### Work order:
Reproduce the data that follows character for character, but omit its pictures.

### Information provided:
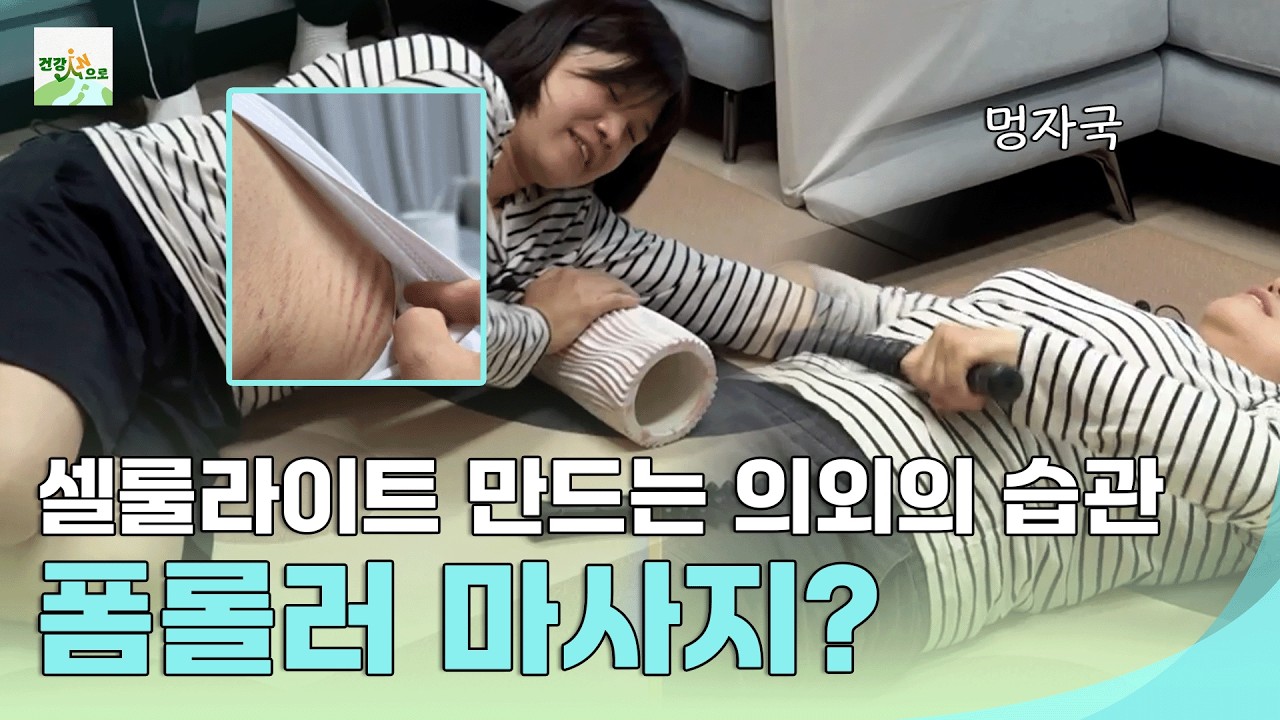 폼롤러 마사지! 오히려 셀룰라이트 더 만든다고? #몸신의탄생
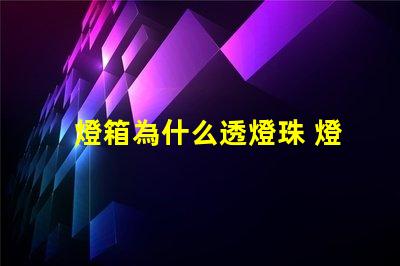 燈箱為什么透燈珠 燈箱透燈珠的原因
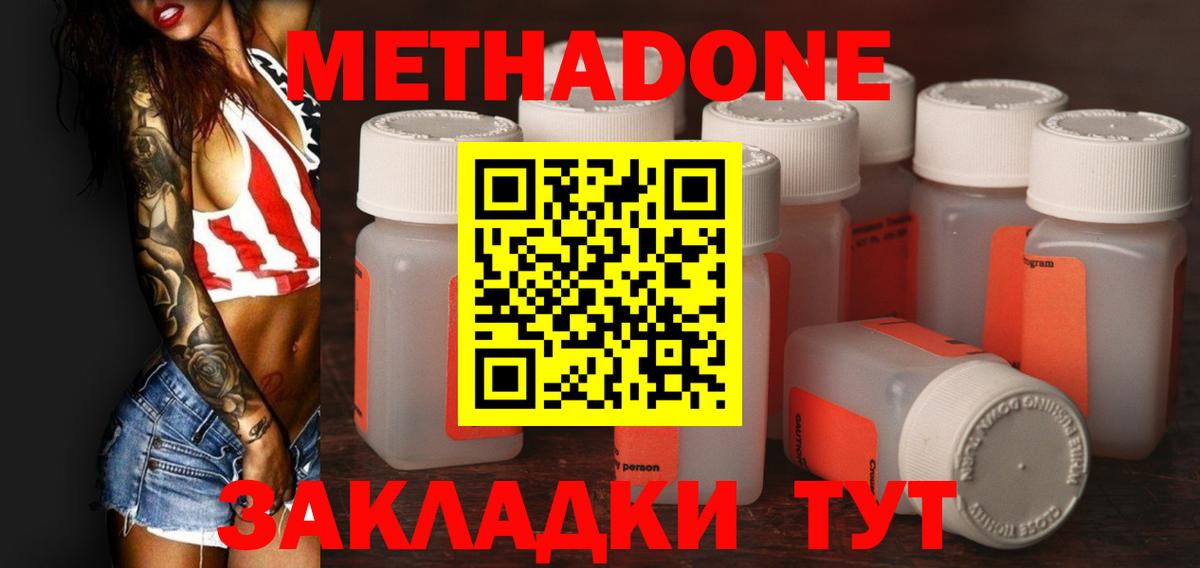 МЕТАДОН кристалл  МЕТАДОН VHQ  Орехово-Зуево  KRAKEN зеркало  Вход с VPN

### Output:
 폼롤러 마사지! 오히려 셀룰라이트 더 만든다고? #몸신의탄생
 燈箱為什么透燈珠 燈箱透燈珠的原因
 МЕТАДОН кристалл  МЕТАДОН VHQ  Орехово-Зуево  KRAKEN зеркало  Вход с VPN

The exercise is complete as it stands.